By the properties of isomorphisms, we know that $ \scriptstyle\phi_\alpha\phi_\beta\ =\ \phi_{\alpha\beta} $. Inductively then we know that $ \scriptstyle(\phi_\alpha)^k\ =\ \phi_{\alpha^k} $. Let $ \scriptstyle\mid a\mid\ =\ n $. Then $ \scriptstyle a^n\ =\ e $, and $ \scriptstyle\phi_{a^n}\ =\ \phi_e $. So, $ \scriptstyle(\phi_a)^n\ =\ \phi_{a^n}\ =\ \phi_e $, and $ \scriptstyle\mid\phi_a\mid\ \textstyle\mid\scriptstyle\ n $.
- --Nick Rupley 12:15, 11 February 2009 (UTC)
Let $ |a|=n $. Then $ \phi_a^n(x)=a^nxa^{-n}=x $. Does this mean that $ |\phi_a|=n $ as well?
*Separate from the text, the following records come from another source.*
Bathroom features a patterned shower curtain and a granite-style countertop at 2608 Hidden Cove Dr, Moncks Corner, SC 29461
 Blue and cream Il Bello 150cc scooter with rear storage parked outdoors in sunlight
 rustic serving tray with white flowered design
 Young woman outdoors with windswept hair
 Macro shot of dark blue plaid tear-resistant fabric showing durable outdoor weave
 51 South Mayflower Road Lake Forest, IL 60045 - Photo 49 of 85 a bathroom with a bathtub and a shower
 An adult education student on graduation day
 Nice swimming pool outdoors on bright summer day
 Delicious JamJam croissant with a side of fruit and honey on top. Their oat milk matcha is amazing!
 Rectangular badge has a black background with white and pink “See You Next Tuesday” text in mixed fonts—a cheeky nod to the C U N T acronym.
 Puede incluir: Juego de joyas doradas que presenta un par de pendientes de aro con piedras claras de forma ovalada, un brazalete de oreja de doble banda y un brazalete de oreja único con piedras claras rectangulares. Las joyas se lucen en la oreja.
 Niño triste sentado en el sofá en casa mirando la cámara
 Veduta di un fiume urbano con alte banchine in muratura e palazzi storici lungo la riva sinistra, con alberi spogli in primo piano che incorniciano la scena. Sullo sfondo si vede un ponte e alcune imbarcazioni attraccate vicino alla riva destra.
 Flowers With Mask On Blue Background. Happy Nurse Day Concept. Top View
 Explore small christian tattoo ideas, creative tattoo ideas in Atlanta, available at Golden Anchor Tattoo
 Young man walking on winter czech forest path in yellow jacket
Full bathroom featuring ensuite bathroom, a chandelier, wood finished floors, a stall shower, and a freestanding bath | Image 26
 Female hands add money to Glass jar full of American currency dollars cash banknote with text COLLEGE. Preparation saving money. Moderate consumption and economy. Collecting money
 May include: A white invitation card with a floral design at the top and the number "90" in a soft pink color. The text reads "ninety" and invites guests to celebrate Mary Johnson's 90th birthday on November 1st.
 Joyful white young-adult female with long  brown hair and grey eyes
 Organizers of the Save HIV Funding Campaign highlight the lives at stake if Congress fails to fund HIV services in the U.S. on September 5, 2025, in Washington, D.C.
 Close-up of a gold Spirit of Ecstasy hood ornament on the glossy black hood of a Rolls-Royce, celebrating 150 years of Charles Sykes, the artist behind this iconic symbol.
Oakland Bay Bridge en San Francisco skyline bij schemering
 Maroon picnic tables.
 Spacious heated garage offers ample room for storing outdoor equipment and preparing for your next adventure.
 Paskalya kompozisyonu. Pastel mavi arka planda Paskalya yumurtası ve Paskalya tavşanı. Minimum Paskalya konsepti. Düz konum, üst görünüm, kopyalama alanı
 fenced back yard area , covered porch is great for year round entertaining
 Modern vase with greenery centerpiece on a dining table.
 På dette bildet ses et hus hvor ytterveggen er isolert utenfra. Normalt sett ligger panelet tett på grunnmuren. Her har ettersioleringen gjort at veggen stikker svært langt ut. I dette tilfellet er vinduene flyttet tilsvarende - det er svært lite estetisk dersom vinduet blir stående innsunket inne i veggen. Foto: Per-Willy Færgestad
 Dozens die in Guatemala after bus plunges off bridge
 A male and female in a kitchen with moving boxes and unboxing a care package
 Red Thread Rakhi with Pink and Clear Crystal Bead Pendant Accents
Can someone explain what the order of an isomorphism is?
The order of the morphism is the number of iterations of the morphism it takes to return back to the original value. So in this problem, the order is n, because when a^n = a^(-n) = e, you get x back.
--K. Brumbaugh